Sehubungan dengan adanya perbuatan pemalsuan laporan auditor yang dilakukan oleh oknum atau adanya penggunaan laporan auditor palsu oleh pihak-pihak yang tidak bertanggung jawab untuk kepentingan tertentu, maka perlu dibuat mekanisme yang tepat dan efektif untuk memudahkan pengguna laporan auditor dalam melakukan konfirmasi atas kebenaran laporan auditor yang ditandatangani oleh Akuntan Publik dan diterbitkan oleh Kantor Akuntan Publik. Dalam meningkatkan kepercayaan masyarakat terhadap profesi Akuntan Publik, maka perlu upaya yang konkrit untuk menjaga kualitas dan menetapkan kebijakan pengendalian laporan auditor yang ditandatangani oleh Akuntan Publik.
Sesuai dengan Surat Edaran Nomor 1/SE-IAPI/2019 tentang Pengendalian Laporan Auditor, kebijakan pengendalian sebagaimana dimaksud dapat menggunakan teknologi QR Code yang dicantumkan pada laporan auditor.
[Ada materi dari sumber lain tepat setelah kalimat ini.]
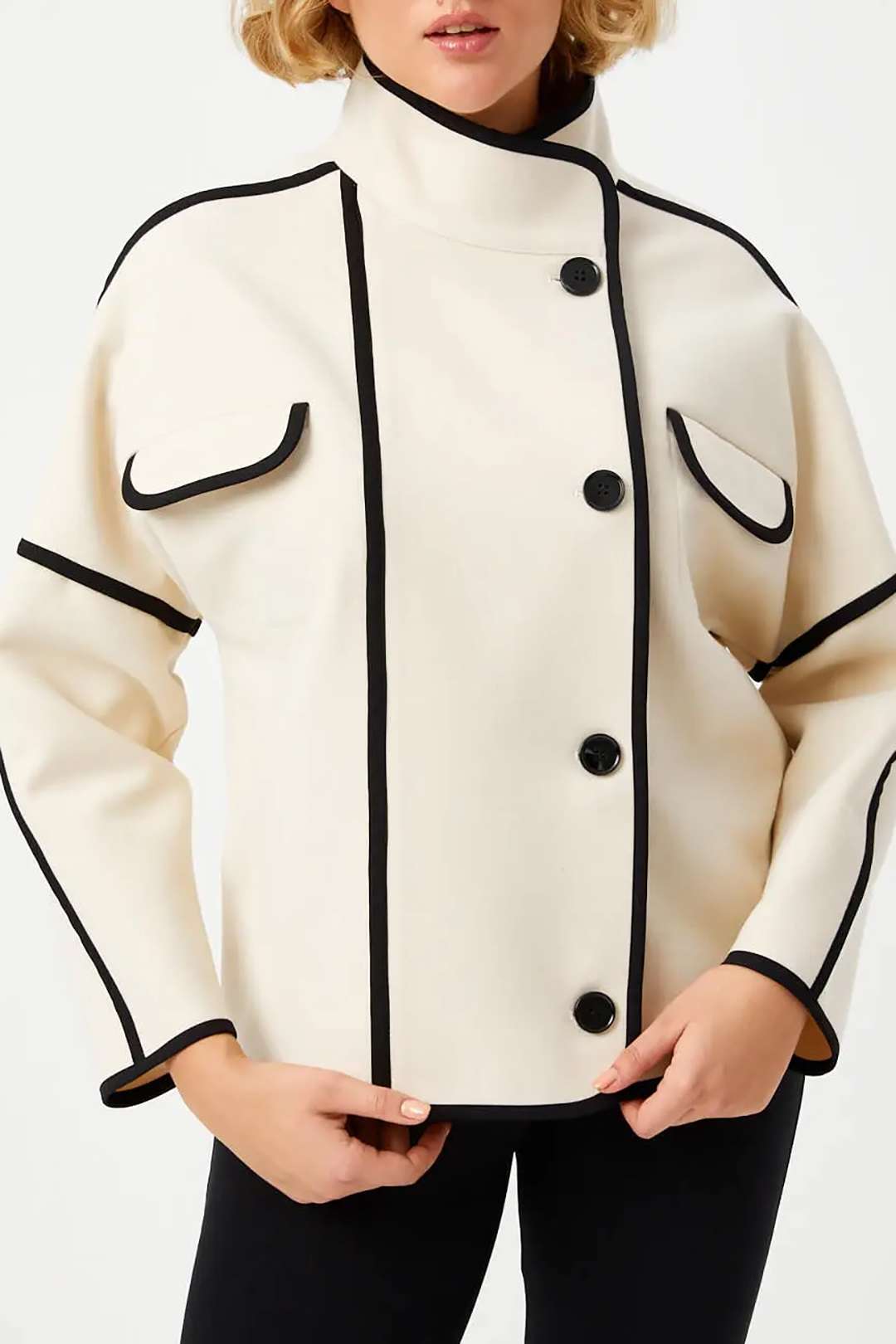 Manteau à col montant avec reliure contrastée et boutons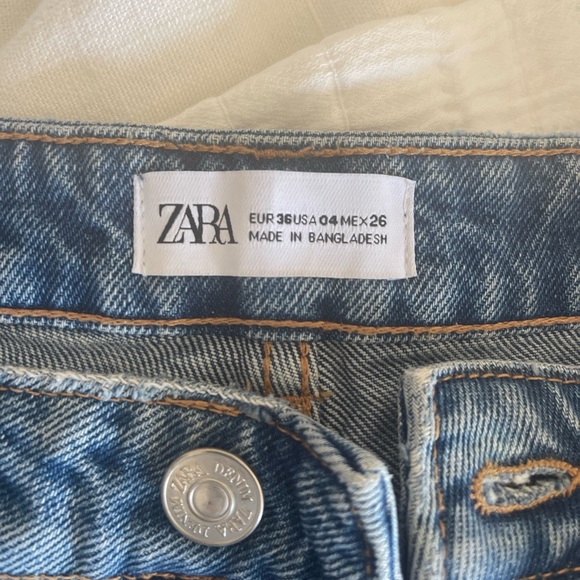 Zara denim shorts - Picture 2 of 4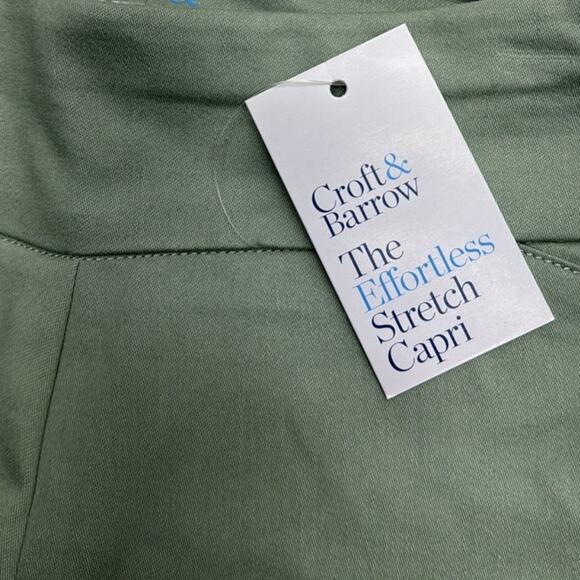CROFT & BARROW Women’s 8 Green Effortless Stretch Capri Pant - Picture 3 of 4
Tujuan penerapan QR Code pada LAI antara lain adalah untuk memudahkan pengguna LAI mendapatkan konfirmasi atas keaslian laporan yang diterbitkan oleh Kantor Akuntan Publik (KAP). Pengguna LAI dapat dengan mudah melakukan scanning QR Code tersebut dengan perangkat yang dimiliki.
Bagi seluruh jaringan KAP tersebut, baik kantor pusat maupun kantor cabang dihimbau menerapkan penggunaan QR Code. Hal ini bertujuan agar suatu KAP tersebut beserta kantor cabangnya konsisten dalam penerapan QR Code serta Akuntan Publik yang bertindak sebagai pimpinan KAP dapat dengan mudah melakukan pengawasan dan mencegah setiap LAI yang telah diterbitkan agar dilaporkan kepada Pusat Pembinaan Profesi Keuangan (PPPK).
Berdasarkan data saat ini, sudah tercatat 247 (dua ratus empat puluh tujuh) Kantor Akuntan Publik yang telah menerapkan penggunaan QR Code pada Institut Akuntan Publik Indonesia.